Bradley believes democratic schooling encourages student engagement.
"A person has to know that you care before they care what you know, " she says.
For parents seeking an alternative to mainstream schooling, Currambena Primary and Preschool is one of about 10 democratic options in Australia. Others include Kinma Primary and Preschool in Terrey Hills and Hurstbridge Learning Co-op in Victoria.
The co-ordinator of the International Democratic Education Network, David Gribble, says there are about 70 democratic schools around the world.
Democratic schools in Australia need to follow the curriculum of their state educational boards but the syllabus is typically broad and open to interpretation.
Opponents claim children cannot direct their own learning because they do not hold the depth of experience of adults.
"But what makes someone more experienced or knowledgeable as soon as they turn a specific age, such as 18?" asks a registered psychologist, Dr Adrienne Huber, who has founded alternative schools in Western Australia and Brazil.
Karen Brien, who sends her seven-year-old son to Currambena and formerly taught in state, private and Catholic schools, applauds the way children's passions inform the curriculum.
"I love that the children can negotiate how and what they learn and that there is no sense of panic if a child does not know their times table by a prescribed age," she says.
"Here, teachers recognise children's capacity for leadership, as opposed to their potential. A teacher would speak to a three-year-old as respectfully as they would speak to a parent.
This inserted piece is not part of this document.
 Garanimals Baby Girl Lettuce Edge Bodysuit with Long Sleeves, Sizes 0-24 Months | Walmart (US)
When this becomes normal, you really notice its absence in the wider world."
The democratic process at Currambena involves the full school community – students, staff and parents are invited to a formal school meeting, every Friday morning, which is presided over by the students.
The children open the meeting, work through an agenda, call for order, present speakers, ask for votes, make decisions and determine the consequences for anyone who has broken the rules.
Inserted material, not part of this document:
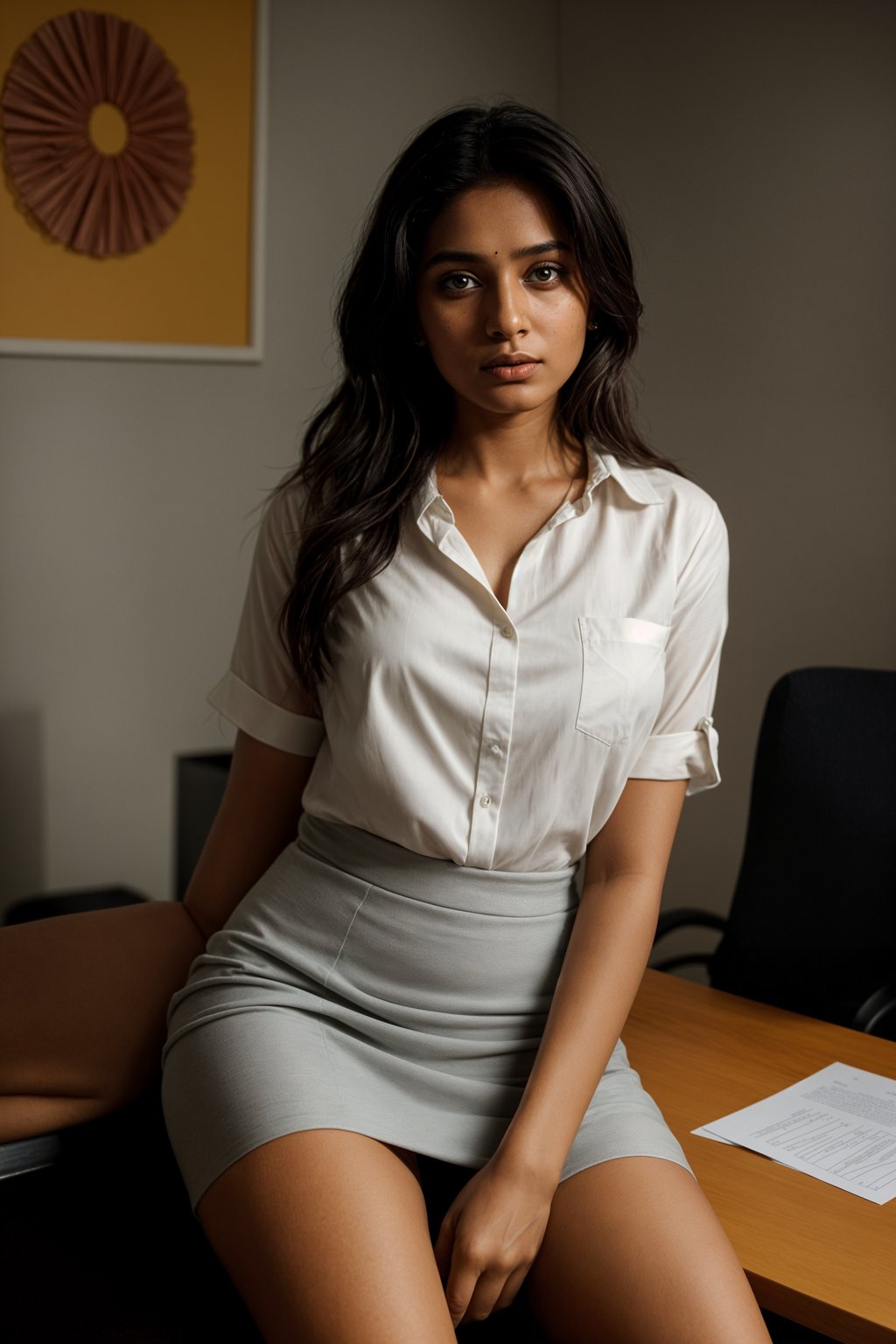 headshot of woman, sitting at a desk, at a (office), BREAK elegant blouse, pencil skirt, makeup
"Children often make very passionate speeches in these meetings," Brien says.
After their meeting, students choose what they want to learn for the rest of the day. Music, maths, gardening, basketball or explaining early reptilian activity to other students – the choice is theirs.
Currambena was established in 1969 by a group of passionate and frustrated education academics from Macquarie University. The group envisioned a school run by a council of parents and teachers rather than an autocratic principal.
They were inspired by one of the oldest alternative schools in the world, Summerhill, which opened in Germany in 1921 as a backlash against the way children were disciplined in the Victorian era.
Currambena shows that education has come a long way since then.
"When I tell my children that you're not allowed to take your shoes off at most other schools, they are shocked and they ask, 'But how can you climb the trees properly?' " says a former student at Currambena, Jessica Kimber, whose two children now attend the school.
Anne Ridgway is the principal at Blacktown Youth College, an alternative high school in Sydney's western suburbs that helps disadvantaged teenagers. Unlike Currambena, many of its students come from troubled backgrounds but similarly the college supports democracy in the classroom.
"When you allow some rules to be bent, some latitude . . . you're more likely to gain some co-operation," Ridgway says.
Each week the college holds a communication session between students and teachers, called "What's up my nose?", and a harassment committee is represented by six students and one teacher. Issues that come up for discussion include who gets to participate in weekly privileges, such as go-kart racing, and how to resolve bullying.
"A lot of the kids have difficult home lives. We try to give support for learning without lots of rules," Ridgway says.
Huber supports the holistic vision of democratic education.
"Teachers focus on their students as people who are creating their whole lives," she says. "The children are their own boss, not the teachers the boss of the children."